K.O.G «Don’t take my Soul» (Heavenly Sweetness/ L’Autre Distribution)

Deux ans après nous avoir bien accrochés avec son premier album «Zone 6,AGEGE», K.O.G. (pour Kweku Of Ghana) que nous avons depuis entendu aussi en feat. sur diverses productions du label Heavenly Sweetness, sort aujourd’hui son second opus où celui qui s’est toujours caché sous diverses identités et de multiples masques tribaux se dévoile en s’exposant plus intimement. L’armure laisse passer la lumière pour éclaircir les ténèbres intérieures de ce chanteur ghanéen installé depuis toujours à Sheffield (UK) mais dont l’âme -qu’il ne veut pas qu’on lui prenne- est bien ancrée là-bas, en Afrique où il a toutes ses racines culturelles. Et, où il est retourné sous les encouragements de l’incontournable beatmaker maison Guts qui réalise cet album, pour puiser dans le high-life chaloupé et l’afrobeat guerrier -dont les cuivres d’ordinaires martiaux mutent ici en zébrures plus soulful- les bases de ce nouveau disque de fusion jazz-world exaltant où,on l’aura compris, les souffleurs sont très présents et ne dépareront pas dans cette sélection.

Après une longue intro profondément afro et tribale croisant voix et kora, le tubesque Don’t take my Soul éponyme fait groover voix, cuivres, guitare et percussions dans un afrobeat répétitif et prenant, menant la danse vers la transe et où la voix pourra rappeler quelque chose du Bob Marley engagé. Live for Today qui suit est d’ailleurs trempé de reggae-dub, un tempo marqué sur une ligne de basse où vient se glisser le flow du rap. Voix et chœurs émettent un bon feeling sur ce titre lui aussi puissamment cuivré et dansant. Ce feeling des voix, c’est encore le velours du spoken word de son compatriote Fameye invité sur Damiama, du rap-hop, mais toujours très afro sur des synthés electro-groove.

Après le plus long Cry your own, pur afrobeat aux tourneries envoûtantes avec sa basse frénétique, ses percussions incessantes et son Fender Rhodes nerveux où, comme sur Damiama le sax se lâche en solo, c’est une figure tutélaire de la musique ghanéenne qui est conviée avec Pat.Thomas sur Odo Sronko, high-life à la légèreté joyeuse bardé encore dès l’intro de belles voix, tandis que le groove file vers celui des îles caraïbes. Le temps d’un long interlude (Application) festif et endiablé dans l’esprit des fanfares, portant une danse speedée qui vous laissera sur les genoux, c’est encore à Marley et autres reggaemen que nous fait penser la résonance du chant et son enivrant pouvoir psychédélique dans Nowhere to Pass qui oscille entre afrobeat et reggae-dub.

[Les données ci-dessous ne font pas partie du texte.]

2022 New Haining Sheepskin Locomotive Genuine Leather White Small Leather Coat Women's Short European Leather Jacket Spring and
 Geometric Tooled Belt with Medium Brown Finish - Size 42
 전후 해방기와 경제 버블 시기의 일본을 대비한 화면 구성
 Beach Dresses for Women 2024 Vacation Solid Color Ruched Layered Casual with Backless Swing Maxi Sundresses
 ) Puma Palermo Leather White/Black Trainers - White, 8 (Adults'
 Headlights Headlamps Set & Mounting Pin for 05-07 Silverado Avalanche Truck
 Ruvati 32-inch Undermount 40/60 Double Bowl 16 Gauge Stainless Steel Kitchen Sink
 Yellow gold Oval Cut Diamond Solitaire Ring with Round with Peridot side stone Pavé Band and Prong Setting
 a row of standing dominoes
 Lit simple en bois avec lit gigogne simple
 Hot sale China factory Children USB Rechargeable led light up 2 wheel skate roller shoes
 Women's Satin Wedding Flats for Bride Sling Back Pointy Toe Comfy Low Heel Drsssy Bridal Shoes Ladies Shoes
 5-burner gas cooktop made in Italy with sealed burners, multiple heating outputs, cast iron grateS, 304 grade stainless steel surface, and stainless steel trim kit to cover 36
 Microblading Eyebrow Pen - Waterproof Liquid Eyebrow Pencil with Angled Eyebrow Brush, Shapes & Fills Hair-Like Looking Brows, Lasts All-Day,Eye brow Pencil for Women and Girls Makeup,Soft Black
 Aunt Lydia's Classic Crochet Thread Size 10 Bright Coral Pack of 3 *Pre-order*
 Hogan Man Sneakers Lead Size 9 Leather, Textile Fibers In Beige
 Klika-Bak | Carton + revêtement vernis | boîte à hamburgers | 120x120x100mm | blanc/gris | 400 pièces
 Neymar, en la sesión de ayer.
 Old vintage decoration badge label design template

Autres invités, Dizraeli vient rapper sur le down-tempo lourd de Noni Onako avant de laisser le micro à un autre compatriote de K.O.G., le chanteur Ogunskele pour nous entraîner dans la joyeuse farandole de Foriwah où l’on retrouve l’ambiance rythmique distillée plus près de nous par Pat Kalla & le Supermojo. Toujours cette fameuse touche Guts et l’esprit de famille Heavenly Sweetness, des références en matière de fun et de groove qui une fois encore frappent fort avec cet excellent album d’afro jazz-world.